Since 1971 when the least developed countries (LDCs) category was created by the UN, sub-Saharan African countries have dominated the list. Four decades later, with 33 members (only 14 of the region’s 47 countries are not LDCs), sub-Saharan Africa still maintains the biggest regional presence in the group. All parts of the sub-continent are represented. In recent years, two countries from the continent, Botswana and Cape Verde, have graduated out of the category. Analysts say others (including Angola and Equatorial Guinea) have the potential to join them. However, the newly created state of South Sudan is widely expected join the LDCs group.
Africa’s LDCs are a highly diverse group, but most have in common an average growth of around 5 per cent in recent years. Of these countries, oil exporters (Angola, Chad, Equatorial Guinea and Sudan) and mineral producers (the Democratic Republic of the Congo, Guinea, Mali, Mauritania, Mozambique and Zambia) benefited most from the surge in demand for commodities, mainly from the emerging economies of China, India and Brazil. Such a trend has led to an increased dependence of their economies on primary commodities, according to the latest Least Development Countries Report of the UN Conference on Trade and Development (UNCTAD).
One feature of African LDCs is their high rates of return on foreign direct investments, at around 13 per cent. UNCTAD says that investing in LDCs is a smart move. “Rates of return on foreign direct investment … are much higher than on investment in developed, or even other developing, countries.”
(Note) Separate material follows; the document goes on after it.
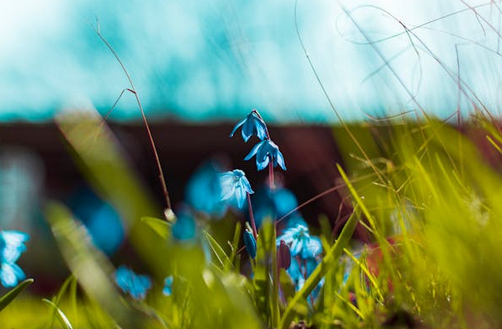 分享60個古風昵稱詩意仙氣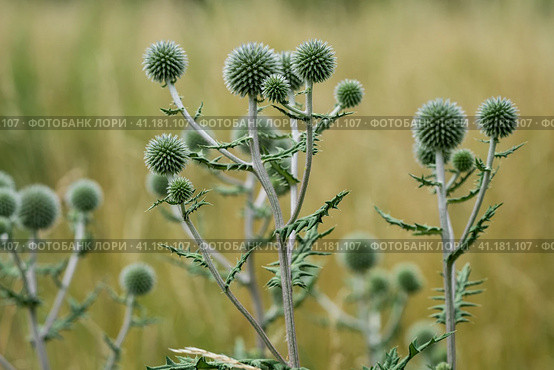 Wild plant of Echinops sphaerocephalus, close-up. Стоковое фото, фотограф Sergey Kohl / Фотобанк Лори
* Angola, Benin, Burkina Faso, Burundi, Central African Republic, Chad, Comoros, Democratic Republic of the Congo, Djibouti, Equatorial Guinea, Eritrea, Ethiopia, Gambia, Guinea, Guinea-Bissau, Lesotho, Liberia, Madagascar, Malawi, Mali, Mauritania, Mozambique, Niger, Rwanda, São Tomé and Príncipe, Senegal, Sierra Leone, Somalia, Sudan, Tanzania, Togo, Uganda, Zambia.